→ Your instructions: Taking the data below, please print only the lines from the line holding "Cokehomophobesx633" to the line holding "Drink My Milk! - Drink My Milk!, #4", inclusive, with pictures omitted.

→ The data:
■ ■ ■ ■

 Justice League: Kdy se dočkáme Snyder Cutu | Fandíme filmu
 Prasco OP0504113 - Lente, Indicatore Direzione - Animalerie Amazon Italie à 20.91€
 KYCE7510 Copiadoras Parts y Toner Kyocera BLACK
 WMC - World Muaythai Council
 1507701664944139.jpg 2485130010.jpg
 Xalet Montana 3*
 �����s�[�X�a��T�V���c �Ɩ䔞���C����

■ ■ ■ ■

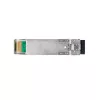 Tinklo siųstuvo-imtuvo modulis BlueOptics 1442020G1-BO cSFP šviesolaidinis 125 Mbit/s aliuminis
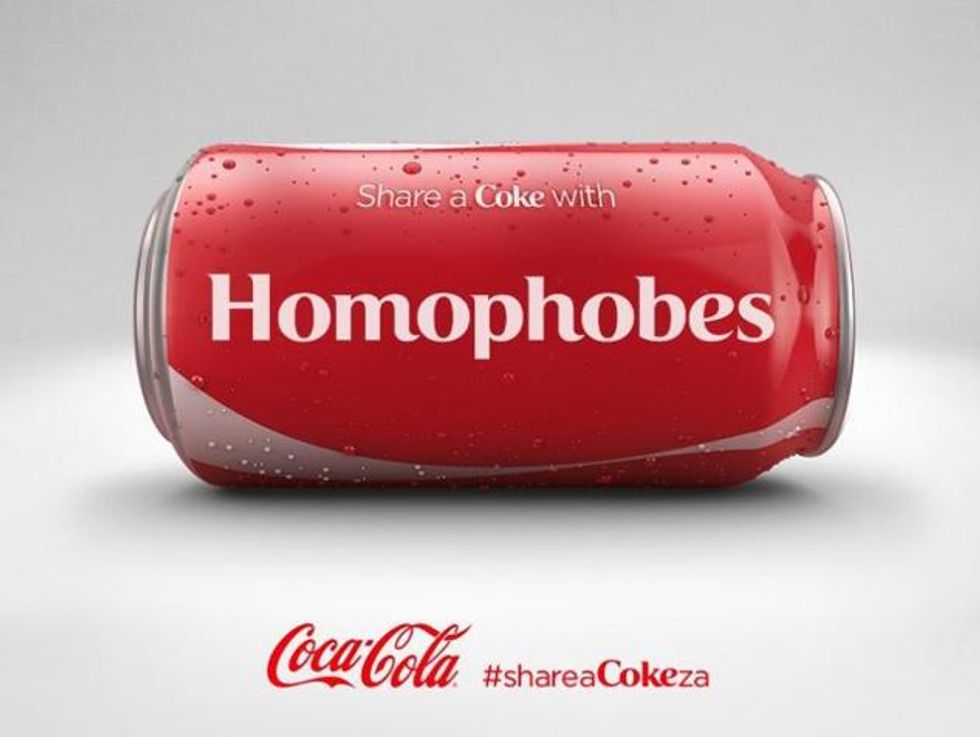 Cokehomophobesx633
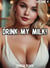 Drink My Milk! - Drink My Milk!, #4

■ ■ ■ ■

→ Answer to the problem:
 Cokehomophobesx633
 Drink My Milk! - Drink My Milk!, #4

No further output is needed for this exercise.